This study was a two‐class classification problem, where cases were classified as likely DPD deficient (true positives) and likely not DPD deficient (true negatives). Cases were classified as DPD deficient (true positives) where the MedDRA term “dihydropyrimidine dehydrogenase deficiency” was reported as a reaction, or medical history, or a test result was reported, suggestive of DPD deficiency.

There were very few cases of individuals where normal DPD activity is reported as such in the database (i.e., DPD laboratory testing reported in the case did not suggest deficiency). Thus, likely non‐DPD‐deficient cases were defined as case reports of medicinal products used in similar indications as fluorouracil and fluorouracil‐related substances, but which do not have a DPD interaction. Trastuzumab, pembrolizumab, docetaxel, and irinotecan were used. Non‐DPD‐deficient cases were randomly selected on a 1:4 relation. This means that for each DPD‐deficient case, four non‐DPD‐deficient cases were assigned.

Non‐DPD‐deficient cases that also reported exposure to fluorouracil or related products were removed from the sample, except if they were known to be DPD deficient (i.e., it was reported in the case).

Considering that the sample defined the distribution of the classes is imbalanced (i.e., 20% DPD‐deficient and 80% non‐DPD‐deficient), the classes were balanced in the machine learning model. The auto machine learning model does this algorithmically, and includes a blend of undersampling the majority class and resampling the minority class.

Training, validation, and testing set

The data were partitioned in a 75% training set and a 25% test set.

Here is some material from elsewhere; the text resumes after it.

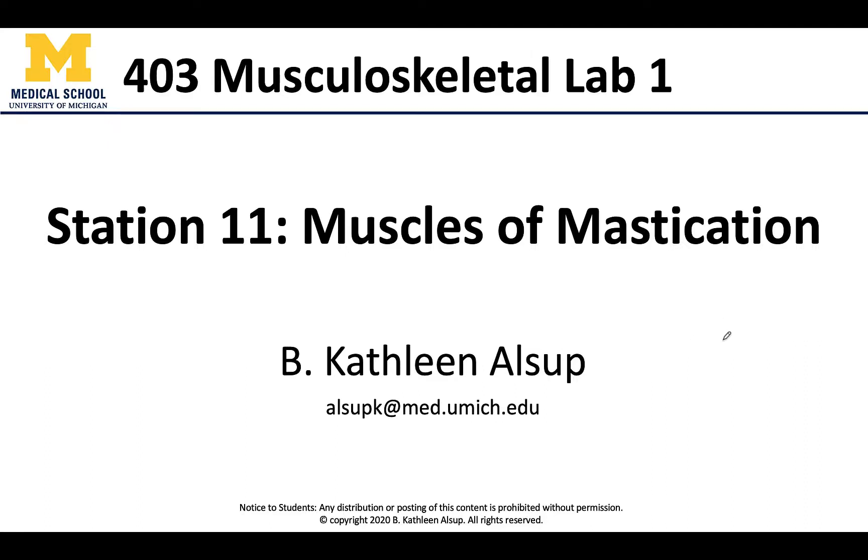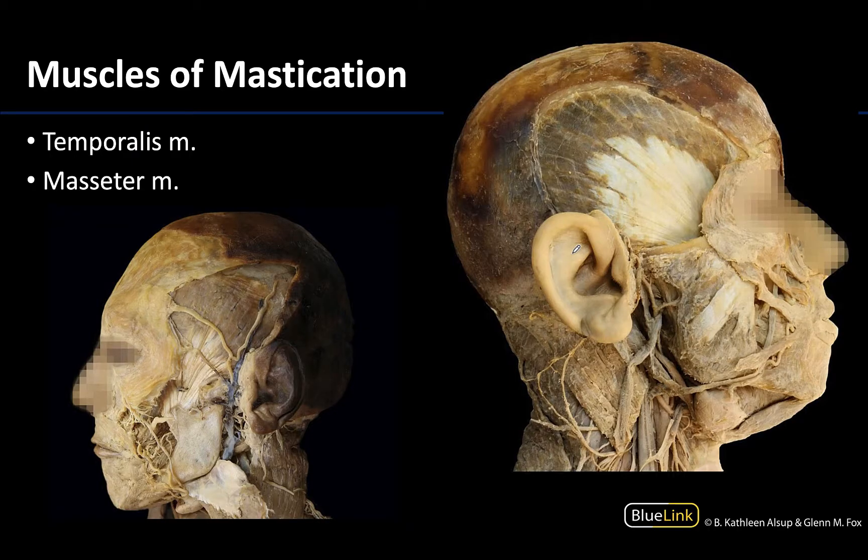Hello anatomy colleagues, this is Dr. Alsup and welcome to station 11 where we're going to focus on the muscles of mastication, of which there are four.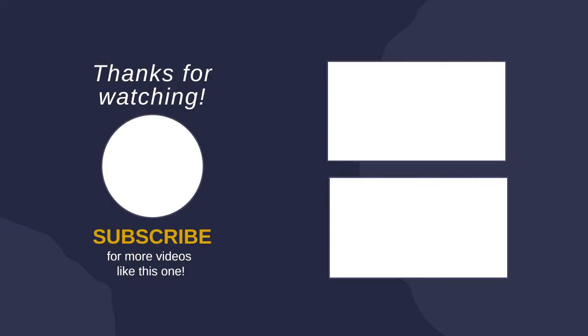Thanks for watching the video. I hope you like this video. If you have any questions related to this product, you can leave a comment down below — I will get back to you as soon as possible.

Five‐fold cross‐validation was performed in the training set.

Features

The features (or variables) used were age, sex, and adverse reaction reported at high level term. The high level term with the preferred term “Dihydropyrimidine dehydrogenase deficiency” was excluded as it is highly correlated with DPD deficiency.

Analytics

Auto machine learning was applied using H2O for R. Distributed random forests, gradient boosting machines, and generalized linear models (GLMs) were included. H2O is an open source lightweight in‐memory machine learning platform written in Java.15

RESULTS

As of March 15, 2019, there were a total of 126,890 ICSRs in EV with capecitabine, fluorouracil, tegafur, or flucytosine containing medicinal products reported as suspect, interacting, or concomitant. DPD deficiency could be ascertained in 260 cases: 184 had information in the medical history, 76 in the reaction field, and 3 in the laboratory tests fields (some cases fulfilled more than one criterion).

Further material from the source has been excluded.